I was born by a river... I've established that. My brown skin, my last name, and the Spanish words my grandmother coddled me with as a child tell you the story of a time when the river was not crossed as a fight for survival. It tells you of a time when my ancestors’ allegiance lay with a different government, all without moving their feet. By chance I came into this world after the Rio Grande was chosen to do more than feed thirsty crops. My social security number did not come with a test on American history, did not require a hearty sum of currency from my parents, did not push me into the hands of an untrustworthy coyote. It was handed to me, an innocent babe with no concept of freedom or fortune, because my umbilical cord was cut north of a stream of water, just like my mother’s and father’s. I did things the right way.
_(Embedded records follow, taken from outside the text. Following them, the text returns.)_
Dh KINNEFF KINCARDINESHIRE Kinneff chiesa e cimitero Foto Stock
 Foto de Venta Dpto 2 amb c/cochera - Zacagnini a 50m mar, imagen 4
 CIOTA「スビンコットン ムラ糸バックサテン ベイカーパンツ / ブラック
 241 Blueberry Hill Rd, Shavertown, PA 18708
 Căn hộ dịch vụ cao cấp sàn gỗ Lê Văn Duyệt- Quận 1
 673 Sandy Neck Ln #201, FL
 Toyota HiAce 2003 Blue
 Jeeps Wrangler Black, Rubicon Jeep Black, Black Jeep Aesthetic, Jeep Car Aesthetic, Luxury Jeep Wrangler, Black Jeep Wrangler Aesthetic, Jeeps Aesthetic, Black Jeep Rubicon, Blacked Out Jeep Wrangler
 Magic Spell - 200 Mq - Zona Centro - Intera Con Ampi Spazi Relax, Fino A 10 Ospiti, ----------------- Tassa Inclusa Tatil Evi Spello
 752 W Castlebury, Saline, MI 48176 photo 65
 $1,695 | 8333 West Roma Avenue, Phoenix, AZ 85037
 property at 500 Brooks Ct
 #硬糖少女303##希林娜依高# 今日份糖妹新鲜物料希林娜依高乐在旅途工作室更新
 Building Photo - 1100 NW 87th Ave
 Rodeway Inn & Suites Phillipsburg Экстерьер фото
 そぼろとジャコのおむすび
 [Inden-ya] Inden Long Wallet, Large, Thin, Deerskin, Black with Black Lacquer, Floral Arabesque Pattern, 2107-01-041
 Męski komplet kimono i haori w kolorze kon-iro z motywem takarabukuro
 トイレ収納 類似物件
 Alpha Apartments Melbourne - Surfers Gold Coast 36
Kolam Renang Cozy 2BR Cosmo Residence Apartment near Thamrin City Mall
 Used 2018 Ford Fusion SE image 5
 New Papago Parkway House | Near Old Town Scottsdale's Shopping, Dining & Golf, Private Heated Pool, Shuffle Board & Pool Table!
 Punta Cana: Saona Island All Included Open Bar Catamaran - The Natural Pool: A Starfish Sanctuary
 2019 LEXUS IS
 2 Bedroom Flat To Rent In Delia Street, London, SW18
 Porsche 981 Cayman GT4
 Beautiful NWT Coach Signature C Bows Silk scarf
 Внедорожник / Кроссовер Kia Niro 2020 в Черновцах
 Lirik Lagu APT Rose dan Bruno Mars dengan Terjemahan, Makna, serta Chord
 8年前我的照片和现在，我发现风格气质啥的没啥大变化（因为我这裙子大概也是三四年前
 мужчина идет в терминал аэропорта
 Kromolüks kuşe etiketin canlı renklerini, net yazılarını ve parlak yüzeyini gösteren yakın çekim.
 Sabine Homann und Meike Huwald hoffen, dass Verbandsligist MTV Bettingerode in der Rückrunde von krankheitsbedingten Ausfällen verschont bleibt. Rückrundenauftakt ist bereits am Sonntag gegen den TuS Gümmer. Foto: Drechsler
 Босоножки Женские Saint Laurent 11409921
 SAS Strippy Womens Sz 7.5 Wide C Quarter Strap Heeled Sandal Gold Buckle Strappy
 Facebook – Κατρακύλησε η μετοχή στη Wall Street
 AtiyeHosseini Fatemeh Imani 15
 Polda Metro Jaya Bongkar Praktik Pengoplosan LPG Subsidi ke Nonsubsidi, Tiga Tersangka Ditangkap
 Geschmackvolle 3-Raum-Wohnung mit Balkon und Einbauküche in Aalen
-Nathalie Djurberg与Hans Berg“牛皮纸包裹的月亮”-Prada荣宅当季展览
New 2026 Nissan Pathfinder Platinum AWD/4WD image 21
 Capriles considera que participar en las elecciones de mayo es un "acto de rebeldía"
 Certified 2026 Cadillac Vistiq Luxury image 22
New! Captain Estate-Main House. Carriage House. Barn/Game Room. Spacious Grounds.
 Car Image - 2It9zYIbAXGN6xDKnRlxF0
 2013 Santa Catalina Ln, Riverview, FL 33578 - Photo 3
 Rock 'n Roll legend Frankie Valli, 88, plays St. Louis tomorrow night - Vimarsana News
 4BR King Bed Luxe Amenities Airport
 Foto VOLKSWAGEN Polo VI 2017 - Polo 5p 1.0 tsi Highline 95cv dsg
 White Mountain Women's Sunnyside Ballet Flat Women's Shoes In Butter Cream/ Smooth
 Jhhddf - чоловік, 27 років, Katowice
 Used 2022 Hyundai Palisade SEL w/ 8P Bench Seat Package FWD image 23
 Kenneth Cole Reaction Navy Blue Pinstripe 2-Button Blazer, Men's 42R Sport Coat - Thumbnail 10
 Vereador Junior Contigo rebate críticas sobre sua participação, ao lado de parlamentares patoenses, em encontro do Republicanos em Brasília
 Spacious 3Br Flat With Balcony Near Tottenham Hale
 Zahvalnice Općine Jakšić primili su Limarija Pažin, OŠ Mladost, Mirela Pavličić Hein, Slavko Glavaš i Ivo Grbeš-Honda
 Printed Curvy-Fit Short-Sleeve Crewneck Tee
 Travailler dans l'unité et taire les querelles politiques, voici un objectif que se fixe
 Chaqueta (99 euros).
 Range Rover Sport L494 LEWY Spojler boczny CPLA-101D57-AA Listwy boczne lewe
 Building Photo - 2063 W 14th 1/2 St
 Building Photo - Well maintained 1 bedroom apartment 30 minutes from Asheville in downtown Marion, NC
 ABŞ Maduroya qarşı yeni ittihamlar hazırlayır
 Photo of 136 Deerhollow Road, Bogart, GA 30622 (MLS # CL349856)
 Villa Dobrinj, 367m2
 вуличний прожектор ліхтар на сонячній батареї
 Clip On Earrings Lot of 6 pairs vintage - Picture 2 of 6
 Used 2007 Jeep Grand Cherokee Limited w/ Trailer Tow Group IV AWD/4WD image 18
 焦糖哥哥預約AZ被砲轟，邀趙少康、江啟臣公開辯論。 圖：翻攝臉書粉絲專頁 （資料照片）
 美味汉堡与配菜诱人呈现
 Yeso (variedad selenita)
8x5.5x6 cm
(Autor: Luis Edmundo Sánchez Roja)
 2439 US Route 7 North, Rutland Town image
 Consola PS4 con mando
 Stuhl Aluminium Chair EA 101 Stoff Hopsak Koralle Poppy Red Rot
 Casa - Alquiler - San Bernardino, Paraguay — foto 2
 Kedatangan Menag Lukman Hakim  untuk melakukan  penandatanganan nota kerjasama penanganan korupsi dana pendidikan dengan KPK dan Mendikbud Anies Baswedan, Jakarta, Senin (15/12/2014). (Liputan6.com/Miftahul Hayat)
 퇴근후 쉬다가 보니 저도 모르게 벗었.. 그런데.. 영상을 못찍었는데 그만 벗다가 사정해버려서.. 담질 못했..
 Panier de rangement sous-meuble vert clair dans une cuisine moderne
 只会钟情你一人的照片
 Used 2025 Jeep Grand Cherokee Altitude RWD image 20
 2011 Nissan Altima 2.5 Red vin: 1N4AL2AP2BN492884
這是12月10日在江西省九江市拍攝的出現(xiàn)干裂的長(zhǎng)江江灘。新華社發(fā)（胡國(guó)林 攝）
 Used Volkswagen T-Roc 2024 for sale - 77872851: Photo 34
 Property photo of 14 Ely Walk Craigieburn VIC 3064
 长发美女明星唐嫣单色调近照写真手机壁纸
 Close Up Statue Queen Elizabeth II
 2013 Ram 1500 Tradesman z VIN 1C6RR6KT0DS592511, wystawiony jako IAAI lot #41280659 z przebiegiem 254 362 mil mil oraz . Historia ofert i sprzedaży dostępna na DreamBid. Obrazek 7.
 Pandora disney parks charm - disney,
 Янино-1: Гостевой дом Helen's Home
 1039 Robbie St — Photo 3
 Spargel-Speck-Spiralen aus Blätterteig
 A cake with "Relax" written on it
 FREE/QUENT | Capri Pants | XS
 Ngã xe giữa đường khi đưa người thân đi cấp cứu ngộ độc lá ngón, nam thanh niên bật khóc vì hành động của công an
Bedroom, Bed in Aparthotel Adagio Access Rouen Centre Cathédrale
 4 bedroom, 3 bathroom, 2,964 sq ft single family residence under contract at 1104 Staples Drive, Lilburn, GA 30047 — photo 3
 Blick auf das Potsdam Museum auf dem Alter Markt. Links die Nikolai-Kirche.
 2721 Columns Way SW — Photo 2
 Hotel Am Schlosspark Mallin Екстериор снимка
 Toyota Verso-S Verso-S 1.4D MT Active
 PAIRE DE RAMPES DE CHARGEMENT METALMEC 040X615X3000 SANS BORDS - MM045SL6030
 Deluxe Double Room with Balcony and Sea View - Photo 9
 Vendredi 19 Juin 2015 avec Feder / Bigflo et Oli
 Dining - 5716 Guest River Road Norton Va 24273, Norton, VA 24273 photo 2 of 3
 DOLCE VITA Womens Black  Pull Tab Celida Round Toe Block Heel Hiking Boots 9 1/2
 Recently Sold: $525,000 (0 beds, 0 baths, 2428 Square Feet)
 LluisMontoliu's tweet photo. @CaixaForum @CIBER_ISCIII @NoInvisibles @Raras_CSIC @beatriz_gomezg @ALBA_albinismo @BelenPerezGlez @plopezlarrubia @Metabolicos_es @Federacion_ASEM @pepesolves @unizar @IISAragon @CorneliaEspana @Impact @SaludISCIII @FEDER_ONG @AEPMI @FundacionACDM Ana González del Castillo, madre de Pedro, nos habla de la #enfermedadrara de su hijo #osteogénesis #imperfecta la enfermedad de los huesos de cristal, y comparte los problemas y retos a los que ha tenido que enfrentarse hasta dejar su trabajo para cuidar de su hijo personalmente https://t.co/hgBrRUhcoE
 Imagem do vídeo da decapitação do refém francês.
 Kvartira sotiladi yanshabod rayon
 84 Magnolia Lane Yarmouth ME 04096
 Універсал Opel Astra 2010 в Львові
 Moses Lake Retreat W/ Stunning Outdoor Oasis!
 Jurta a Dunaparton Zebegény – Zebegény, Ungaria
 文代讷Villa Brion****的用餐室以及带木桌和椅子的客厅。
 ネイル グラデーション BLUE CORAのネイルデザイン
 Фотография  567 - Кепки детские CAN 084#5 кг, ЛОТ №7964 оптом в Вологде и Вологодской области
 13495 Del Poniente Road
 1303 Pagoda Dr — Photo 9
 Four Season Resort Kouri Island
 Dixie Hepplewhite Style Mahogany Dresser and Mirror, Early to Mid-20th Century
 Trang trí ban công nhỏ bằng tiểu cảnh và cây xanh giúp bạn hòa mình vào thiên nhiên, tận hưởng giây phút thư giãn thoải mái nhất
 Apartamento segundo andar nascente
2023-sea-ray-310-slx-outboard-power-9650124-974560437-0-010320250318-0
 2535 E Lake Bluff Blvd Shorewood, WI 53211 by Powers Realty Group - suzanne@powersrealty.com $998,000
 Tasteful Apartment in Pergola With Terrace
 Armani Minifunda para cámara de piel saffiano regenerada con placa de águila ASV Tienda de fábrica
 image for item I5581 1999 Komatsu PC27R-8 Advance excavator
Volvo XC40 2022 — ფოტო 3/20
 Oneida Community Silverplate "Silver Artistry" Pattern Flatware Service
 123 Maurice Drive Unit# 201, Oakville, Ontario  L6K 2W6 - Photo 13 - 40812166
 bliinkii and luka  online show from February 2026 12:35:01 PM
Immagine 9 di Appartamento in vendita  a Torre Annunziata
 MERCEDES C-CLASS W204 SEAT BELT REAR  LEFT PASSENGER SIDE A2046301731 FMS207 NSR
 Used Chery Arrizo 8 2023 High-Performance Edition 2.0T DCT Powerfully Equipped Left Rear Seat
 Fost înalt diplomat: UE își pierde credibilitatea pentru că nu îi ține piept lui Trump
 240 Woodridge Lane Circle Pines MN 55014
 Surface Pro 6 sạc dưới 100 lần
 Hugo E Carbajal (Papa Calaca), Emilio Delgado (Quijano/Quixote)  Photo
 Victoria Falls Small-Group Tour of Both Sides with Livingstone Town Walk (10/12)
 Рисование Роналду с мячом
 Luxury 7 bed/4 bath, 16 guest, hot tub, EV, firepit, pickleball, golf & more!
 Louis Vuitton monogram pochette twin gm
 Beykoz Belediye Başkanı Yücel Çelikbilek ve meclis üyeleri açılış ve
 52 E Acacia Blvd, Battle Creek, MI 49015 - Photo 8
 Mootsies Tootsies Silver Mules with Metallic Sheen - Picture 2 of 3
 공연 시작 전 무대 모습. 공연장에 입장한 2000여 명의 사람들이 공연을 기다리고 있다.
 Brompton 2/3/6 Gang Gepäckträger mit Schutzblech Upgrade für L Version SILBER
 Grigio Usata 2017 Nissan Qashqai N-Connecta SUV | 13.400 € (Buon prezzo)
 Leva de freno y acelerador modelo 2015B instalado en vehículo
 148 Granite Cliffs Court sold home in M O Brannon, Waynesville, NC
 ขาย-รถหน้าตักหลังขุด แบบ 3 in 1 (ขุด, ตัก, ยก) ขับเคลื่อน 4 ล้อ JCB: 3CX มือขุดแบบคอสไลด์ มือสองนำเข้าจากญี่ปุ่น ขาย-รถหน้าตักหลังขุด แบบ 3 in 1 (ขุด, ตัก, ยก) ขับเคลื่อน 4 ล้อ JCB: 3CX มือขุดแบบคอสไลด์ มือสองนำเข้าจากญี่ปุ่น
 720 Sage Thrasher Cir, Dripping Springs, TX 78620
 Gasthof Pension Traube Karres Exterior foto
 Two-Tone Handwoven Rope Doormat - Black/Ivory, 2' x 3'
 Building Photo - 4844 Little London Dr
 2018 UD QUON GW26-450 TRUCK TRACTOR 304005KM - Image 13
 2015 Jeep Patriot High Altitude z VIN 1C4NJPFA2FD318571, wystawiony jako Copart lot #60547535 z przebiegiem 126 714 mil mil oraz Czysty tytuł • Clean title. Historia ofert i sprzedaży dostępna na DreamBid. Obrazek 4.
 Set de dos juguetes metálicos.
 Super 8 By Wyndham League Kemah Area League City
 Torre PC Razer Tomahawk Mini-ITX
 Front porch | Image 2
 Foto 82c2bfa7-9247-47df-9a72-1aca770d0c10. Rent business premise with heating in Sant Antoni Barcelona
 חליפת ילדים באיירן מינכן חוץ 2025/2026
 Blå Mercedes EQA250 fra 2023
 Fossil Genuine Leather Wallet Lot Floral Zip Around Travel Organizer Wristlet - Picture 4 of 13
As a child, I stood up every weekday morning and recited the pledge of allegiance to the American flag before starting my day. In my spare time, I devoured every piece of literature I could get my hands on because I could. I learned to read and write my English words on thickly lined paper and passed my state assessments with commendable scores. On weekends, I took the PSATs and went to UIL meets because I wanted to better myself. In high school, I cared about my GPA because I wanted to be the first in my family to go to college. I wanted a higher education because my parents’ hard work didn’t deserve to go unnoticed.
Today I sit in a lecture hall as the professor in front of me discusses the concept of free will to a sea of half-attentive undergrads. Meanwhile only a few miles away, immigrant college students and graduates stand together in front of a federal building with picket signs and hope in their hearts.
The undergrad seated beside me was also born by the Rio Grande. In order to receive her nine digits as an infant, she had to be baptized by the river that I held the privilege to always see, but never touch. As an innocent babe, she symbolized the eternal debate over who held the right to own freedom and fortune. In the eyes of her critics, she arrived in this country without the hard work and righteousness that it took to become an American citizen. She came into existence the wrong way.
This girl struggles to roll her R's when she speaks on the phone to her father, and despite their uncanny resemblance, her cousins differentiate her as "la americana" when she visits Mexico on the holidays.
Much like me, she lay on park grass to watch fireworks every Fourth of July and hit the piñatas that hung off of an uncle's roof at birthday parties. She traced her ABC's with the same large pencils held by every kindergartner's tiny hands at the age of five and grinned widely at the camera when her name was called at graduation. Despite the world that was currently crumbling outside of those lecture hall doors, she sat beside me because she was the first too. She stayed because her parents' hard work didn't deserve to go unnoticed.
Today I think of law and order, and the people that are given the power to choose what that looks like; individuals that are given the responsibility to decide which lives should be considered more valuable. I can't help but wonder what makes any person so special.